Branching and Merging

Working with Branches

Branches allow you to work on different features or improvements without affecting the main code. This lesson covers creating branches, switching between them, and merging changes back together.

Key Concepts

Branches are separate lines of development that allow you to work on features independently. The main branch (often called master or main) contains stable code that is ready for production or competition. Feature branches isolate new work and prevent it from affecting the main codebase until it's ready. Merging combines changes from different branches back into the main branch. Branching enables parallel development where multiple team members can work on different features simultaneously.

Branch Operations

git branch feature-name          # Create new branch
git checkout branch-name        # Switch to branch
git checkout -b new-branch     # Create and switch
git branch                      # List branches
git branch -d branch-name      # Delete branch

Merging Workflows

When you're ready to combine your feature work with the main code, you merge the feature branch into main using git merge feature-branch

Robotics Branching Examples

For robotics teams, you might create an autonomous branch with git checkout -b autonomous-improvements, work on teleop features with git checkout -b teleop-enhancements, create a bug fix branch with git checkout -b fix-drivetrain-issue, merge working features with git merge autonomous-improvements, and keep the main branch for competition-ready code.

Conflict Resolution

Conflicts occur when branches modify the same lines in the same files. Git marks conflicts in affected files with special markers, and you must manually edit the files to resolve the conflicts. You can use git status to see which files have conflicts. Once you've resolved all conflicts, you complete the merge by adding the resolved files and committing the merge.

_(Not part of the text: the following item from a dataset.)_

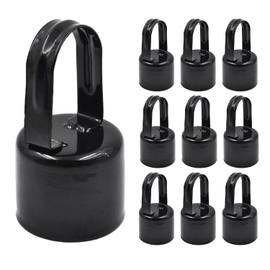 Zhupoub (10 Pack) Chain Link Fence Loop Caps, 2"(1-7/8" OD) x 1 3/8" Eye Top Rail Cap, Black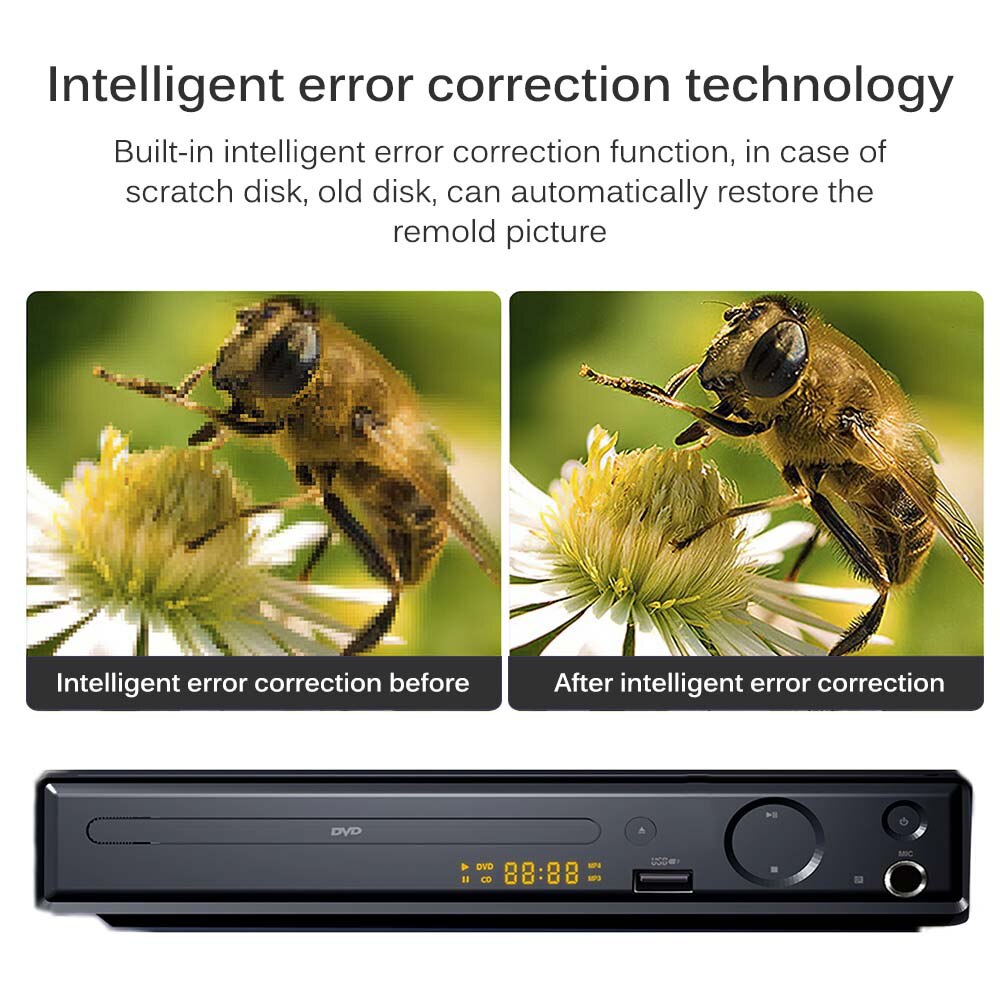 High Definition Plastic Home DVD Players Portable HDMI DVD Player VCD Player Supports U Disk Playback Power Off Memory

Understanding Branch Management

Effective branch management is crucial for team collaboration. The main branch should always contain stable, working code that's ready for competition or deployment. Feature branches should be short-lived and focused on single features or fixes to make them easier to review and merge. When merging, choose the appropriate strategy: fast-forward merges keep history linear, while merge commits preserve the branch structure. Regular cleanup of merged branches keeps your repository organized and prevents confusion about which branches are still active.